I ride during rush hour. People are standing, but it's not completely SRO. Trains are designed to have people seated *and* standing. What do you think the handles on the aisle seats are for?

"Electrification and ATC will decrease minimum headway to accommodate more growth, but, there may be demand for even more as people realize all the benefits, from speed, from reduced GHG emissions, and from land-use efficiency."

Hope is not a strategy. And Residentialists will never never ever ever allow land-use changes. Again, see the current Fry's / Ventura problem.

"Commuter rail is the most efficient use of land "period", and the most efficient (non-human-powered) energy-wise."

Not when the housing and office sites are distributed along the peninsula the way they are today. There is an intractable n-to-n problem that Caltrain can't solve without rezoning. Caltrain was designed to funnel people to SF and back. However, the largest tech companies in the Bay Area all are on the peninsula NOWHERE NEAR A CALTRAIN STATION. Facebook? Google? Apple?

"The peninsula has the population and jobs density to support rail."

I'm amazed you can type that statement out without laughing. If there's enough density, then why can't VTA even serve north county effectively? Oh, that's right. There's not enough density. VTA can't afford to have service to feed Caltrain.

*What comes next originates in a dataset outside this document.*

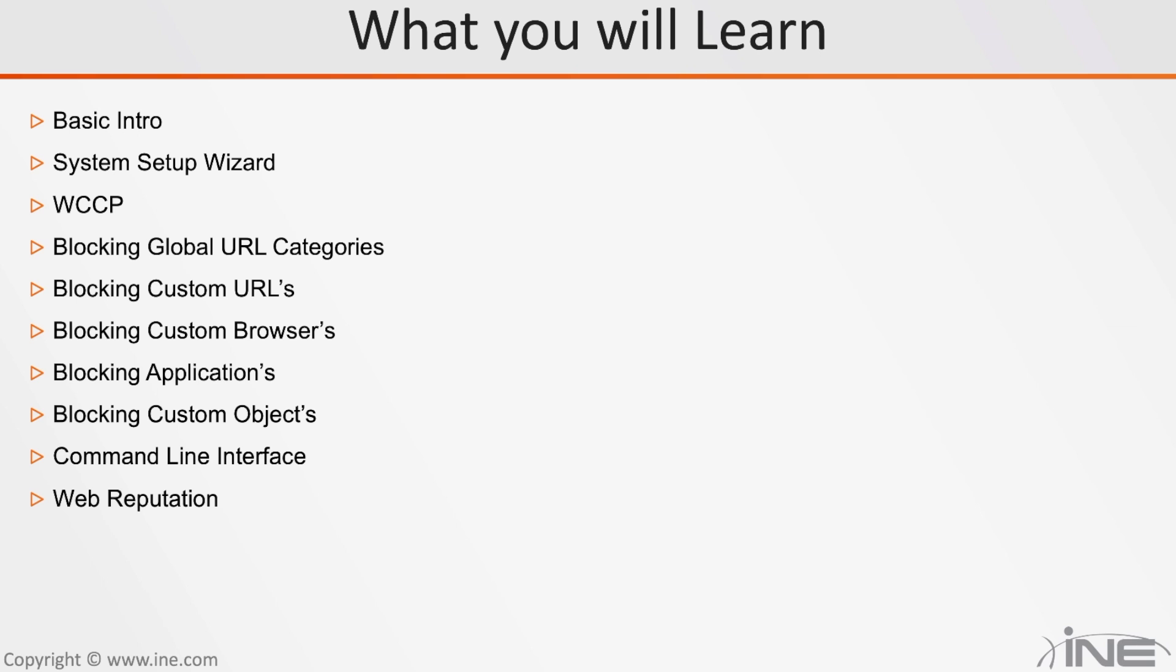You will also learn about web reputation. For example, any sites which have a bad reputation or maybe explicit content, you want to prevent your employees accessing those sites. Well, if you want to block that, here's where you will learn that.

The peninsula is in the worst possible situation - just dense enough for traffic, but not dense enough for effective public transit. Heck, SF is dense enough, and the service still sucks.

"I'm confident that demand will greatly increase as long as operational costs and fares don't increase and deter ridership."

Well, I guess you don't have confidence. Fares for Caltrain are going up as we speak.


5 people like this
Posted by Ahem
a resident of Another Palo Alto neighborhood
on Aug 21, 2019 at 12:10 am

Passenger rail is a one-dimensional system conceived to serve the largely rural landscape of Victorian England. Despite decades of trying, passenger rail has never been able to evolve into a technology that efficiently serves the highly networked two-dimensional landscape of the modern world.

When rail supporters argue for density they are basically saying if we could only turn Palo Alto into Dickensian London, with all of its filth and squalor, rail would become relevant again!

And, if you think Palo Alto cannot devolve into Dickensian London, just take a look at what has happened to San Francisco in just the last 25 years. Walking eight blocks of Market street just this afternoon I saw sights, and smelled odors, that were right out of Dickensian London.